# Need input on final choices for lighting a 40 gallon long tank



## art_t (Jun 8, 2008)

I'm running a "low tech" tank with no CO2. A very kind person on this forum recommended a good light option for me, and I'm very happy I listened to them. Right now I have 108 watts over my 75g aquarium and I can't believe how beatifully everything is growing in. Two of the bulbs are 5,500 k and one bulb is somewhere around 6,500k. I could bump my wattage up to 120, if I need to. I did add root tabs last week, which probably helps. In fact if this keeps up someday I may attempt a higher tech tank...someday.


----------



## comet (Jun 10, 2006)

Thanks for the reply. Since our tanks have different heights I'll have to wait for someone to reply that can help determine the lighting I need. 
You did give me the idea to switch out one of the T10s for a different bulb. I'll see what suggestions come back for me.
Thanks, and good luck with your tank. And yes, I agree, people here are amazingly nice.


----------



## Hoppy (Dec 24, 2005)

You could use a single 54 watt T5HO light, hanging about 6-8 inches above the tank, and you would likely have about the right amount of light for a non-CO2 tank. Don't even think about using two 54 watt T5HO bulbs! Since you don't want really high light, you don't have to look for really great reflectors either. If you find a single bulb fixture that has a more conventional flat polished reflector, instead of the typical clip on parabolic, highly polished aluminum reflector, that should work too, and might work when located right on top of the tank. I just noticed tonight that Catalina has "retrofit" kits, one, as I recall, is a single tube T5HO fixture. That could do it, if you can make a simple box-like housing for the kit.


----------



## comet (Jun 10, 2006)

*To Hoppy*

Hoppy, Thank you for the reply, but please reread my post. 
I already have a 48 inch double bulb light strip which can use different sized bulbs according to the mfg.

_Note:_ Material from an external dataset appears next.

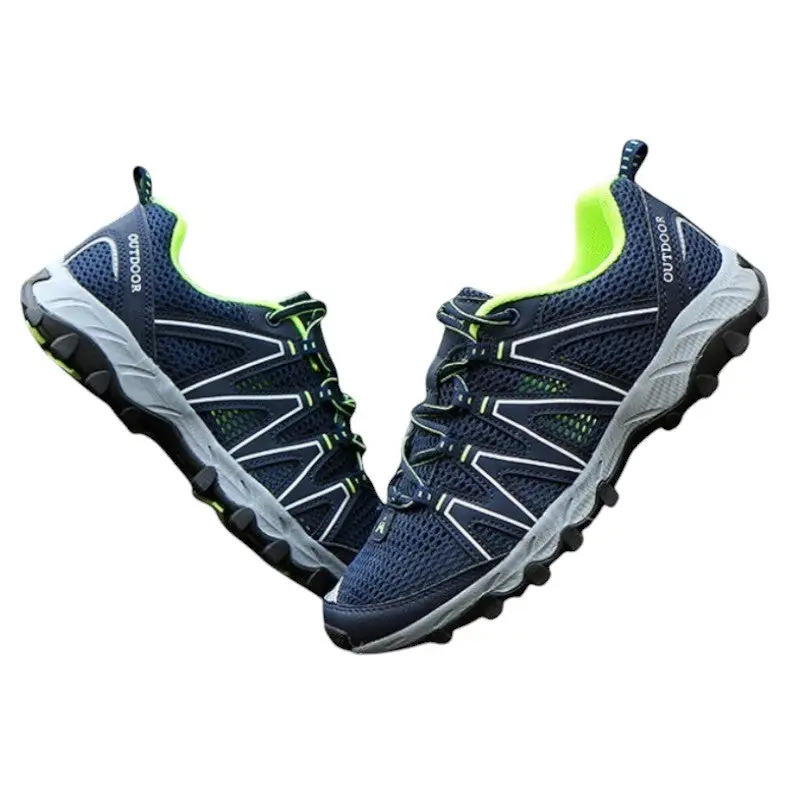 Chaussures de randonnée basses femme - Image 4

My questions were about whether or not to use the tube fluorescent bulbs. And what type if used, and would two 40W bulbs be too much.
Or to gut the fixture and add in spiral compact fluorescent bulbs to achieve the light level I'm looking for.

Your suggestions are always welcomed and appreciated. 
Thanks.


----------



## lauraleellbp (Feb 3, 2008)

You may already know this, but the smaller the diameter of the bulb, the more efficient it is. The smaller the # after the "T" the smaller the diameter of the bulb. T5HOs are currently one of the most efficient flourescent bulbs on the common market, and the latest technology.

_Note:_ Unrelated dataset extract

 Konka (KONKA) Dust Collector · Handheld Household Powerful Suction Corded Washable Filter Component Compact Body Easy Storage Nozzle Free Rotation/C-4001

I'd go with either T5, T5HO, or T8s, personally. If you've already got some fixtures that are compatible with T8 bulbs, that's the direction I'd lean. 

I'd shoot for around 80 watts of light with T8 bulbs, 100 watts with T10, or 60 watts with T5, 40 watts with T5HO (or as Hoppy suggested, one 54watt T5HO should work well).


----------



## comet (Jun 10, 2006)

Thanks Hoppy and lauraleellbp for taking the time to help!

I found out from Perfecto Mfg. that the two 48" 40W T10 Eclipse bulbs that came with the fixture are 5200K. 


So, I am looking to switch to Hagen's 40W *T8* Life-Glo 2 bulbs with a 6700K rating.


The manufacturer, Hagen, contacted me and said they have switched over this bulb from T10 to T8s recently.

Right now, I can only find this bulb in a T10 size in 40W.
I have a manager at Petsmart looking into whether or not they can get the T8s in for me. According to Hagen they are readily available and they should be able to.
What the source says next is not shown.